▸ **Aim of the exercise**
Look in the listing below for the line that has "COOLOO Desk Supplies", then return it and each following line up to and including the one with "Silk Embroidered 3/4th", exactly and without pictures.

▸ **Records provided**
# # #
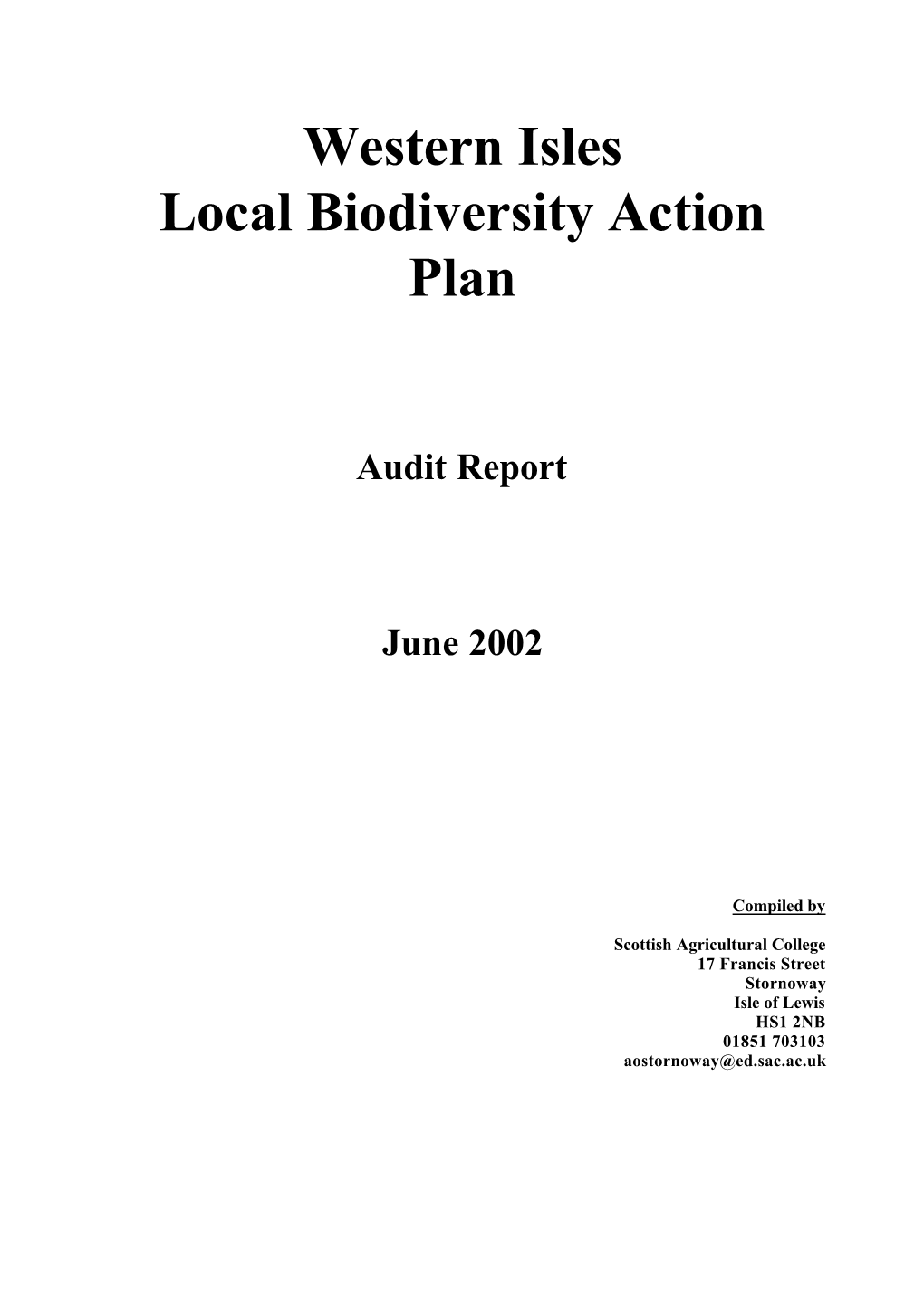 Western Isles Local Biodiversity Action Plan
# # #
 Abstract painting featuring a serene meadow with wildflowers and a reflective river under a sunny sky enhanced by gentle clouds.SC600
# # #
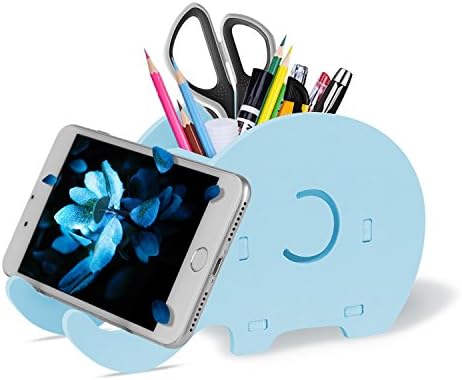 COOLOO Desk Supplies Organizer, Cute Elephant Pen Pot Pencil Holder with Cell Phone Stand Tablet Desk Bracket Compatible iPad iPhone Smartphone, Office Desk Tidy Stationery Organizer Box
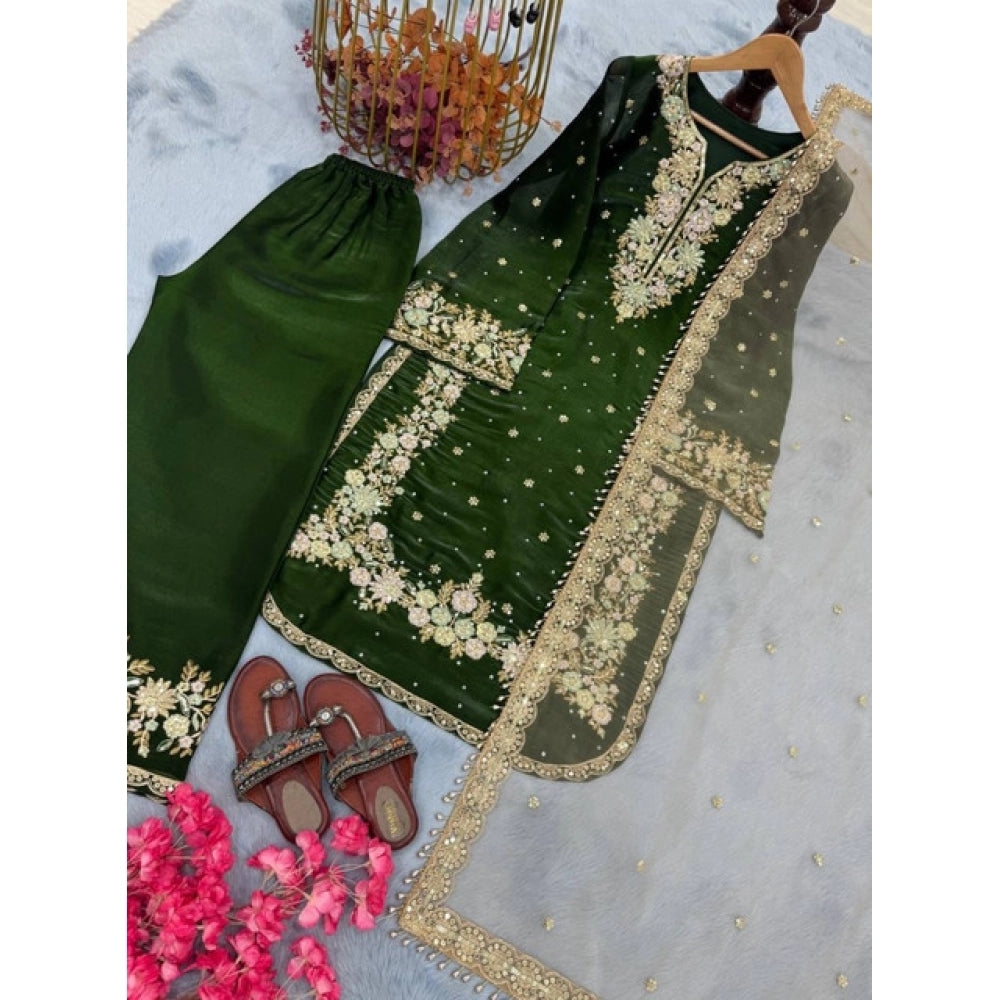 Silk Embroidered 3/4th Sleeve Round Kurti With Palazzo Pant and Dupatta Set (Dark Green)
# # #
▸ **Reply to the exercise**
 COOLOO Desk Supplies Organizer, Cute Elephant Pen Pot Pencil Holder with Cell Phone Stand Tablet Desk Bracket Compatible iPad iPhone Smartphone, Office Desk Tidy Stationery Organizer Box
 Silk Embroidered 3/4th Sleeve Round Kurti With Palazzo Pant and Dupatta Set (Dark Green)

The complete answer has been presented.